He was shot and killed trying to leave his home during the riots.

The Greenwood section of Tulsa was a prosperous independent black community attacked and destroyed by a cooperative effort by the KKK, local law enforcement, municipal and business leaders and private citizens - so there's a legacy of racial hatred and bigotry that still looms over Oklahoma.

And not just against African-Americans either.

For example, one of the events the Chickasaw produces, the annual Artesian Arts Festival, takes place in Sulphur, Oklahoma about 30 minutes from Ada.

James told me that he was walking around the festival with family and friends not far from the Chickasaw-owned Artesian Hotel when he saw a one of those chalkboard signs outside of a small local bar with the words "Two-For-One Pow-Wow Shots!" written in chalk.

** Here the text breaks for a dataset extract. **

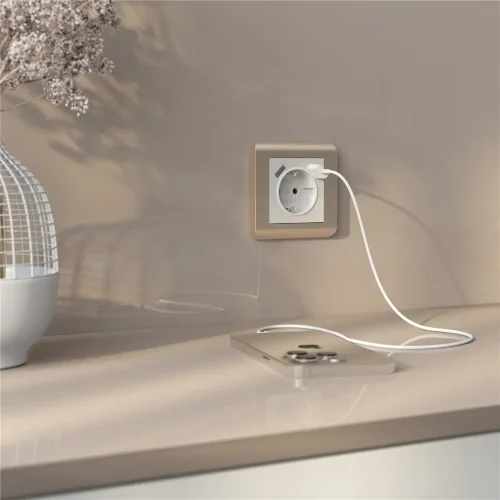 Рамка из поликарбоната на 1 пост Stream шампань W0012111 - фото 3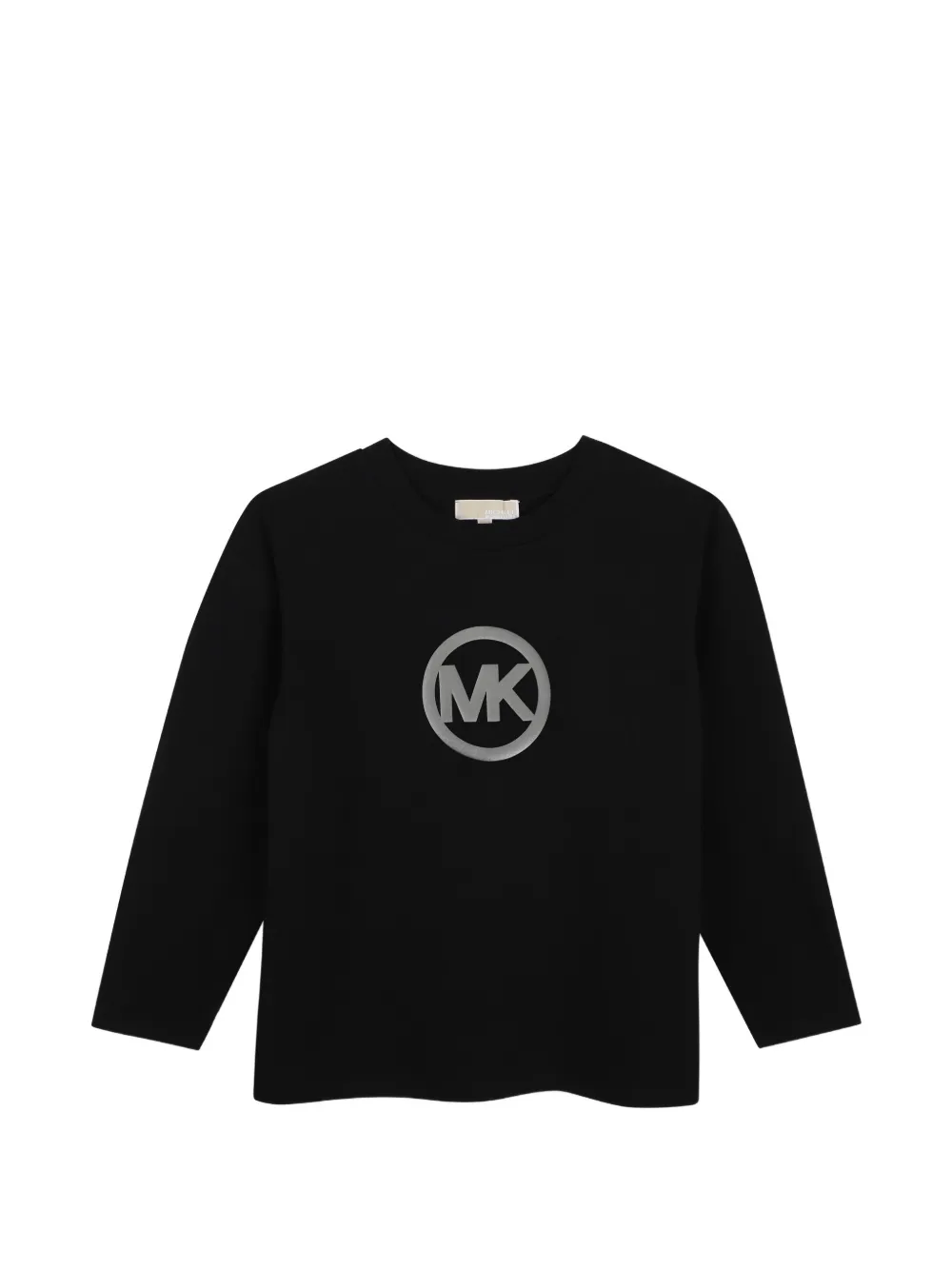 Michael Kors Kids T-shirt a maniche lunghe con logo - Nero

He said the group all stopped and laughed about the absurdity of such a term being misused in such a demeaning and subtly racist way that made it a derogatory reference to Native American culture written on a sign during an event sponsored by the Chickasaw Nation that attracts scores of visitors.
One of the group went inside to speak with the bar's white manager about it, and he actually came outside and erased it from the board, which was cool but as James told me - didn't he realize that using the term "Pow-Wow" to sell shots during a Native American arts festival might be considered offensive?

Maybe the person who decided to name a tobacco shop Plantations didn't consider that either.